Leio, ainda, sem tê-lo finalizado, a biografia “The King of the World”, sobre Muhammad Ali.

Em português, encontra-se a versão “O Rei do Mundo”.

Escrito pelo ganhador do Prêmio Pulitzer nos EUA, David Remnick, o livro busca abordar a importância de Ali como grande ícone social, cultural, político e, obviamente, esportivo, no país.

Mais do que se preocupar com situações comezinhas da vida do lutador, conhecido como The Greatest (“O Maior”), a narrativa desconstrói o papel dos boxeadores na sociedade, o racismo, luta pelos direitos civis, suas relações com a máfia que controlava o esporte, e o protagonismo de Ali, como representante de transformações a partir de sua carreira profissional vitoriosa.

E o autor adotou um caminho muito interessante para alcançar esse desafio.

Inicia o livro descrevendo os dois grandes lutadores que antecederam Ali como número dos Pesos-Pesados do boxe mundial: Sonny Liston e Floy Patterson.

Sonny cumpria o papel de o “Negro Bom”. Essencialmente, isso significava que era tido como bom moço pela opinião pública; que ascendera socialmente através do esporte; que não se envolvia em polêmicas dentro ou fora dos ringues; que não contestava esse papel, pois com ele se conformava.

Já Patterson era o “Negro Mau”. Infância e juventude turbulentas; problemas e desajustes familiares; delitos como agressão, porte ilegal de armas; perfil agressivo com a imprensa; revoltado com a sociedade que lhe criara dessa maneira; envolvimento umbilical com a máfia que controlava o esporte.

Um deles poderia ser a tese do que se deveria esperar de um boxeador na teia social. O outro, a antítese, não apenas no aspecto moral, mas como grande diferença que havia em comparação ao seu par.

E Ali surge para ser a síntese dos dois lutadores, transcendendo a figura de cada um deles para se tornar o maior.

Consciente de sua influência, ele foi contestador das desigualdades e dificuldades sociais, raciais e religiosas nos EUA; combativo politicamente, particularmente ao defender a luta pelos direitos civis; provocador dos seus adversários; domador da imprensa enlatada que cobria o esporte à época; desafiador do Estado que lhe queria impor o serviço militar no Vietnã; insurreto junto à máfia.

Jamais se curvou perante alguém. Defendeu ativamente seus pontos de vista, suas decisões e suas ações.

Esse foi seu grande e inspirador legado, já há algum tempo muito bem administrado e compartilhado pelo Ali Center, fundação em Louisville, Kentucky.

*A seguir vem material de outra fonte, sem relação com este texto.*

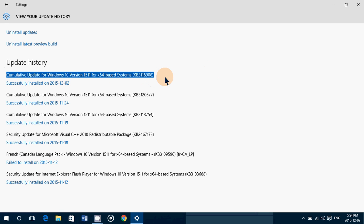10 version 1511 for x64 base system, or depending on what system you have could be a 32-bit base system. It's KB3116908 and it was installed a few minutes ago.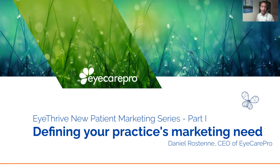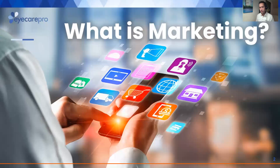Now, I always get a mixed reaction with this slide: 'I thought this was going to be helpful, and now you're asking me, what is marketing?' Well, seriously — let me ask you, how do you define marketing?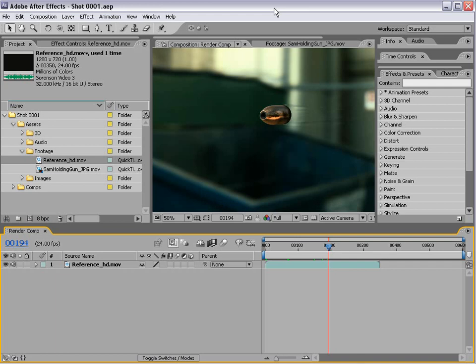Hey, what's up? Andrew Kramer here, videocopilot.net, and welcome to another very exciting training DVD.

Resumidamente, a transcendência representada por Ali, em sua trajetória, pode ser bem compreendida pelos “seis princípios básicos para inspirar jovens e adultos para alcançar a grandeza em suas vidas, comunidades e países”:

1. Confiança: acreditar em si, em suas habilidades e em seu futuro;

2. Convicção
: firme crença que lhe dá coragem para sustentá-la, apesar da pressão para fazer o contrário;

3. Dedicação
: o ato de devotar toda energia, esforço e habilidade para determinada tarefa;

4. Doação
: agir voluntariamente sem esperar nada em troca;

5. Respeito
: estima, ou senso de valor e excelência, por si e pelos outros;

6. Espiritualidade
: senso de veneração, reverência e paz interior, inspirado por uma ligação com toda a criação e/ou com aquilo que é maior que a si mesmo.

Convido a uma reflexão a respeito do que poderíamos extrair como exemplo, ou, até mesmo, criar, construir, em nosso futebol.

Penso que o ponto de partida seria seguir tentando chamar a atenção, criticamente, para o importante papel do futebol como meio de transformação social no Brasil e no mundo.

A partir disso, construir teses que, por sua vez, provocariam o surgimento de antíteses, sintetizando a evolução social. Que se converteriam em novas teses.

Num contínuo processo dialético em que o futebol seria protagonista.

Já passamos por períodos “bons” e períodos “maus”.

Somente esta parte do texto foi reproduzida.